In July, 1841, payment of the interest on the public debt was stopped. Illinois, for the second time, drew upon herself the censure of the world; people abroad, who had formerly considered Illinois to be a country affording good chances to the industrious settler, no longer entertained the design of emigrating to it, whilst the people at home, could they have found purchasers of their property, would not have hesitated to leave the State, in order to escape the evils of high taxation.

The general distress of the State was rendered complete by the utter failure of the State Bank, which happened in February, 1842; the bank at Shawneetown, after holding out for four months longer, "following in the footsteps of its illustrious predecessor." The banks had first suspended specie payments in the spring of 1837. To save the internal improvement system, this suspension was then legalized, and continued to be made lawful until 1841. This legalized suspension of the banks met with violent opposition from the democrats, which was of itself sufficient to enlist the whigs in their favor, and proved of immense advantage to them, since the business men and capitalists of the State were principally whigs, which party, at the time of Gen. Jackson, in opposition to his policy, had claimed an undue influence in the body politic, whilst the democratic party, in support of Gen. Jackson's administration, had been opposed to the same. In the meantime, the State Bank having been made the depository of the State revenues, which the collectors were required to pay into it as into the public treasury, by the influence it thus acquired over the Legislature, the members of which had to look to the bank for their pay, succeeded in not only obtaining a further privilege of suspension, at the session of the Legislature in 1841, but also a privilege not previously granted, of issuing one, two, and three dollar notes, which must, no doubt, have caused severe disappointment to the democrats. The very triumph of the banks, however, accelerated their ruin, because the issue of these small notes, with which they flooded the country, by banishing from circulation the silver dollar,

which formed the specie basis of the country, rendered it impossible for them to increase, or even, perhaps, to keep their stock of specie. The continual refusal of the United States to take the money of the State and Shawneetown banks in payment for the public lands, except at a discount, which regularly advanced every year, and the boundless liberality, with which the banks distributed their paper money and advanced loans, to attach the members of the Legislature and administration to their interests, led to their inevitable downfall in 1842, which spread ruin throughout the country, and even some of the neighboring States: leaving the people of Illinois almost wholly without any other circulating medium, for the purpose of trade and commerce, than the "bank rags," printed by the "rag barons,” as the presidents of the banks were then called.

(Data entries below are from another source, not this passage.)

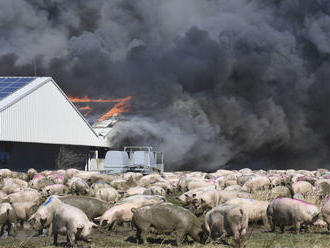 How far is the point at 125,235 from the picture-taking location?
15.3 metres

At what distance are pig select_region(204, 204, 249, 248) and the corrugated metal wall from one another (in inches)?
1426

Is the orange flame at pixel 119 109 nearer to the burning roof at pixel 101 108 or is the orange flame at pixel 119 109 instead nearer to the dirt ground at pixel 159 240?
the burning roof at pixel 101 108

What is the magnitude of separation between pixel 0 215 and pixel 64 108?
1552 inches

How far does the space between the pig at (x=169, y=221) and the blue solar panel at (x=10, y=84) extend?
128 ft

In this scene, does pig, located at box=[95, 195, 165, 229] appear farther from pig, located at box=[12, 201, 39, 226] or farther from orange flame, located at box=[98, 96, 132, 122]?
orange flame, located at box=[98, 96, 132, 122]

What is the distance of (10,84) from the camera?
53594 millimetres

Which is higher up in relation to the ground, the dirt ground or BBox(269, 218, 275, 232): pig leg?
BBox(269, 218, 275, 232): pig leg

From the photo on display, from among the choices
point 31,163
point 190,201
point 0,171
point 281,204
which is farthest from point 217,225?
point 31,163

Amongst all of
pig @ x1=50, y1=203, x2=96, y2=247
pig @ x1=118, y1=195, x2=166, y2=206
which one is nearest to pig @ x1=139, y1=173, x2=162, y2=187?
pig @ x1=118, y1=195, x2=166, y2=206

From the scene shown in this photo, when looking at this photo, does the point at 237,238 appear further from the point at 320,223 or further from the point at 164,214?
the point at 320,223

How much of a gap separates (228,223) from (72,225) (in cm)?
432

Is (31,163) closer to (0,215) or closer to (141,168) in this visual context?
(141,168)

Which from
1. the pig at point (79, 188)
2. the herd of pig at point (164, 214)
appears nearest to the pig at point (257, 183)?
the herd of pig at point (164, 214)

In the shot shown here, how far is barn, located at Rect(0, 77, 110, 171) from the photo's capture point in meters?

Before we go further in the exposition of the civil history of the State, the general character of the people, and the civil commotions and disturbances, which had taken place in earlier times, and which may serve as a proper introduction to the history of the famous Mormon riots, which broke out in 1840, convulsing the State, claim our attention.

8*

CHAPTER V.

THE State of Illinois extends about 150 miles from east to west, by 400 from north to south. Such a disproportion in the geographical figure of a State, is certain to create a separate northern and southern interest, even if the people of such a State were of a common stock, which, not being the case with the people of Iliinois, will sufficiently account for their frequent disinclination to agree upon the adoption of such a policy, and such measures of government, as would have best suited the interests of the State, and aided in relieving her from the calamities, under which she was then suffering. The settlers of the Southern portion of the State were chiefly people from the Slave States, those of the northern section principally New Yorkers and New Englanders. Many of the inhabitants of the neighboring Slave States, who were poor, and did not relish a residence in a slave country, where the very negroes were wont to stigmatize them as the poor white folks, had removed to Illinois, where the immigration of slaveholders was strictly forbidden. The greater part of them were an honest and hospitable people, indifferent to wealth, and fond of social enjoyment.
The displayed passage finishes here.